Tony Osime said:
I followed your instructions and eventually got to the OLK13
subdirectory.
However I saw no WAV files.
Well, it is a _temporary_ folder, after all. The way Outlook's supposed
to work is that any files stored there while Outlook has the message open
are supposed to be deleted when the message is closed. Now, I don't know
if this happens a message at a time or only when Outlook itself closes.
If you open the message that plays music and look in that folder while the
music is playing, does the file appear then? It also may be that the
message is in the normal Temporary Internet Files. Go up a level in
WIndows Explorer and see if you can find it. Otherwise, open a command
prompt window as before and change to the Temporary Internet Files folder
as before. Then use the DIR command to see you can find the music file.
Let's assume it's a WAV file. Enter this:
dir /p /s *.wav
The /p will pause the display one page at a time, the /s will scan all
subfolders. There will be a header line written for each subfolder so you
can determine which subfolder holds the files.

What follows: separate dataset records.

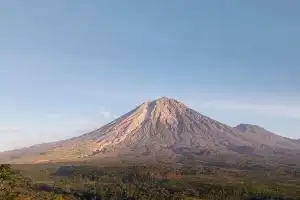 Out of Respect for Hari Raya Karo Customs, Mount Semeru Hiking Trail Temporarily Closed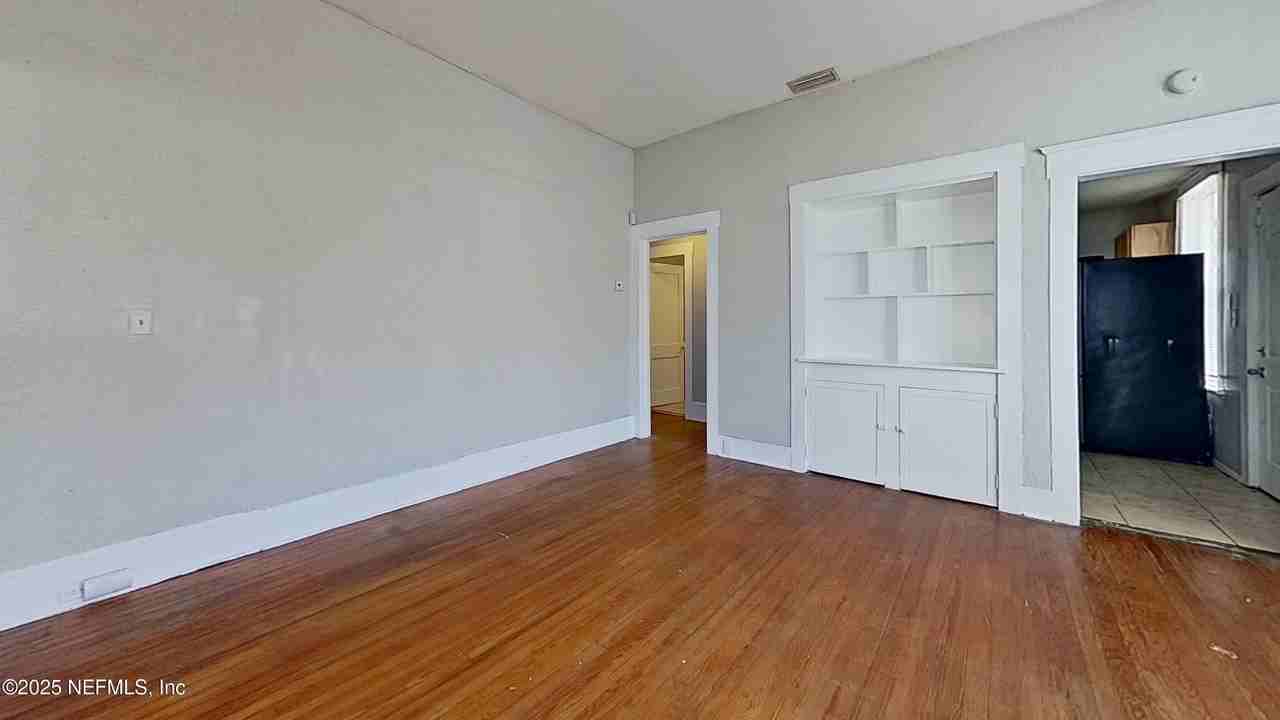 54 W 27th St - Photo 5 of 26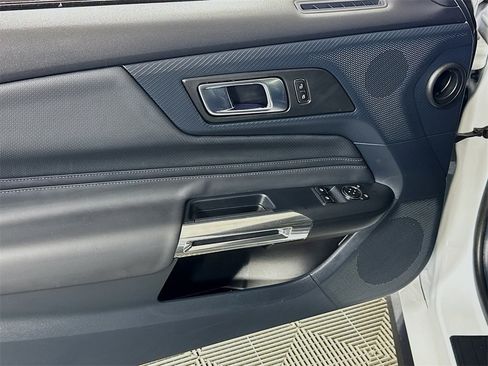 Used 2024 Ford Mustang Premium image 18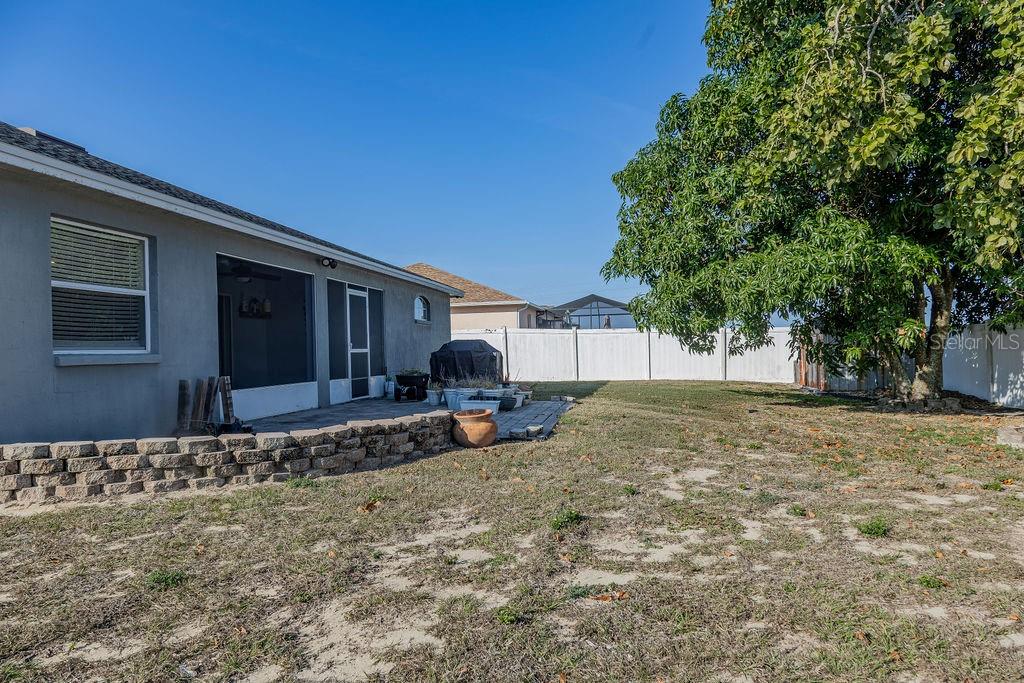 1015 Highland Crest Cir Property Photo 30
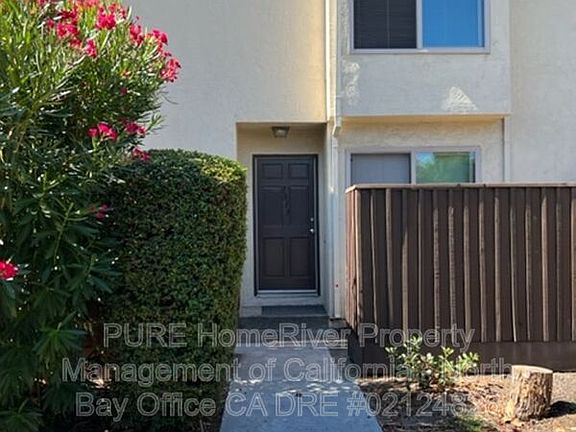 2nd image of 1813 Primavera Dr
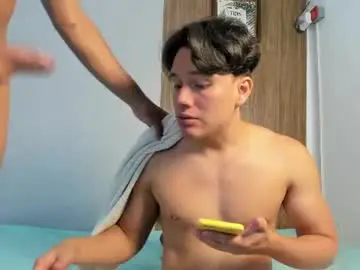 Chaturbate Watch Live Sex Cams of boys_roomhard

For example, I just looked
for all JPEG files like this:
dir /p /s *.jpg
and received a display like this:
Directory of C:\Documents and Settings\XXXXXXX\Local Settings\Temporary
Internet Files\Content.IE5\7TOKPKPW
06/21/2005 03:17 PM 462 0,1311,i=23529,00[1].jpg
06/21/2005 03:17 PM 338 0,1311,i=23531,00[1].jpg
06/21/2005 03:17 PM 4,355 0,1311,i=97396,00[1].jpg
so I know these JPEGs are in the subfolder Content.IE5\7TOKPKPW. I can
then open WIndows Explorer, enter
%UserProfile%\Local Settings\Temporary Internet Files\Content.IE5\7TOKPKPW
in the Address filed and click Go. I can then sort by file type and see
all the JPEGS in one place. The same should work for WAV or MID or
whatever the sound file is.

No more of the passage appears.